Under the Hoeven-Corker border security amendment, approved Monday, the bill would now pour in at least 38,405 Border Patrol personnel along America’s Southern border — more than double the original amount. At the same time, it would increase total border security funding more than five-fold — from $8.3 billion to $46.3 billion.

These funds will go to finish a 700-mile border fence and add hundreds of new surveillance towers, thousands of camera systems, and tens of thousands of ground sensors — not to mention fiber-optic tank inspection scopes, thermal imaging systems, and “portable contraband detectors.” It will send 17 UH-1n helicopters, five Blackhawk helicopters, eight AS-350 light enforcement helicopters, and enough drones to log 130,000 hours of flight time each year.

This is not simple “border security” — personnel-wise, it’s a mobilization proportional to the one in Afghanistan (it’s already being called “the surge“). But unlike that adventure, it was not provoked by any foreign aggression. Instead, this offensive is a response to hundreds of thousands of peaceful people moving to the United States to work — such a reaction is without even the slightest rationale.

Not to be misunderstood, border “security” is a legitimate and necessary function of government—border “invasions” are not. Border security would require immigrants and travelers to enter within legal avenues through which they could be processed and checked.

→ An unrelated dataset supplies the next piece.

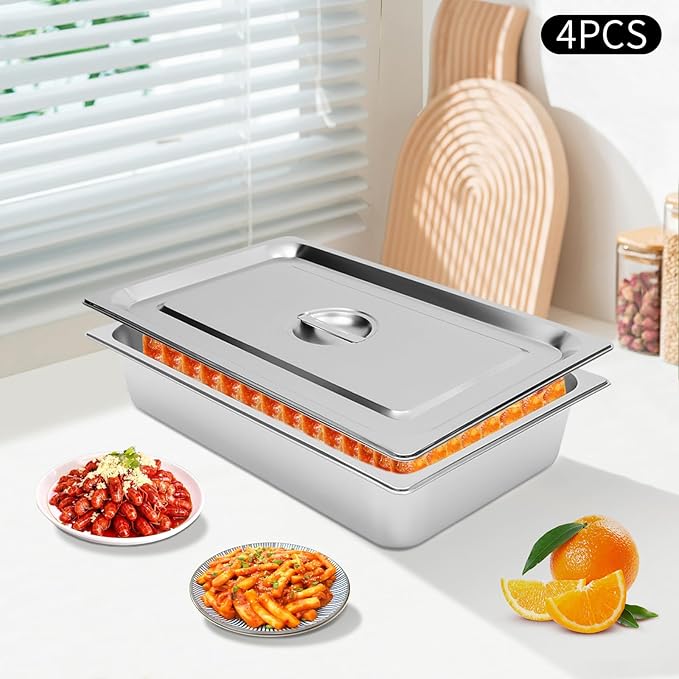 Steam Table Pans with Lids Set of 4 20x12x4 Inch Hotel Pans 2.38 Gallon 201 Stainless Steel Food Pans One-Piece Design Dishwasher Oven Safe for Restaurant Catering Buffet
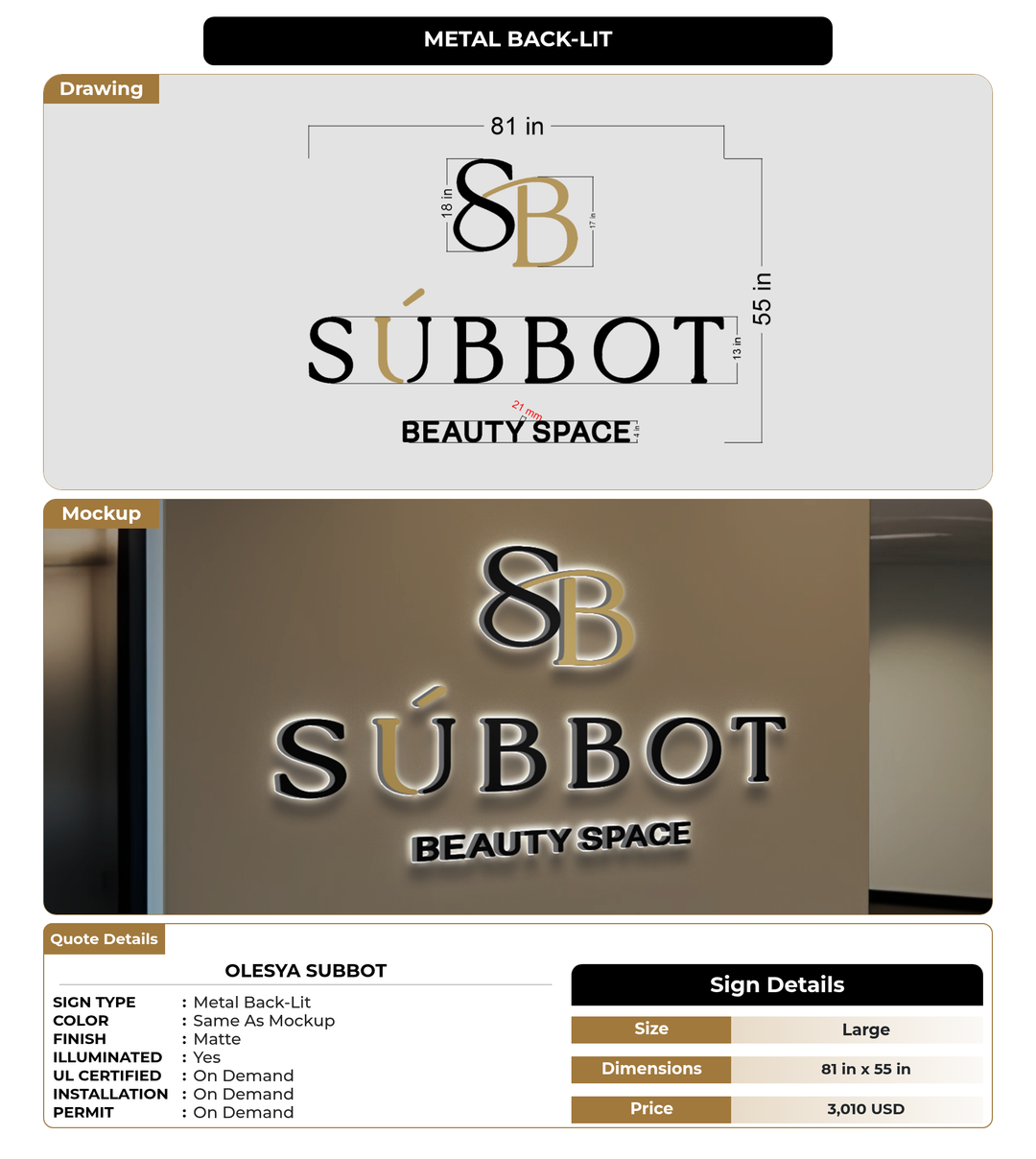 CUSTOM MOCKUP SIGN FOR Olesya Subbot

Security’s role is to protect and aid movement between countries, which allows free markets to extend beyond legal jurisdictions.

Hoeven-Corker’s amendment is not about protecting and aiding legal movement between countries, nor is it about addressing the justifiable concern of property owners along the border (it actually expands Border Patrol’s powers to trample property rights along the border). Those concerns could be addressed with small increases in border protection and major increases in legal avenues for entry for peaceful, low-skilled workers — cutting demand for illegal entry.

Only accessible channels for legal immigration will end illegal immigration. As I’ve noted previously, America nearly eliminated illegal entries in the 1960s through dramatically expanding work visa options for low-skilled immigrants. Rather than building on this proven method for addressing illegal immigration, this bill includes a complex and utterly inadequate guest work program, which does the bare minimum to increase legal movement.

America has seen a tenfold increase in border security spending over the last 25 years, and in all that time, the illegal population in the United States shot up. Economist Douglas Massey at the University of Pennsylvania has shown that this was not because of greater entries, but rather fewer exits. During the 1980s, migrants traveled back and forth freely. But after the border buildup, this became too costly and dangerous, so they settled and brought their families.

This experience shows that allowing people to move freely — through legal channels — not only could reduce illegal entries, it also could keep overall immigration lower than it would be otherwise. But these facts are rejected in favor of more wasteful government programs and spending. And border hawks still say the spending is not enough.

It will never be enough. Twenty years from now, people will say, “Democrats are to education spending what Republicans are to border security spending.” Illegal immigration and poor educational outcomes are institutional problems for which the simple fix is freedom. Let people choose where they want to go to school or work. These fixes have solved problems. More money hasn’t.

Immigration reform could be, and likely still will be, economically valuable, but Hoeven-Corker needlessly throws away a large portion of the gains. Perhaps as importantly, the border militarization will serve as a permanent reminder of America’s restrictionist system, which will only encourage more of the same.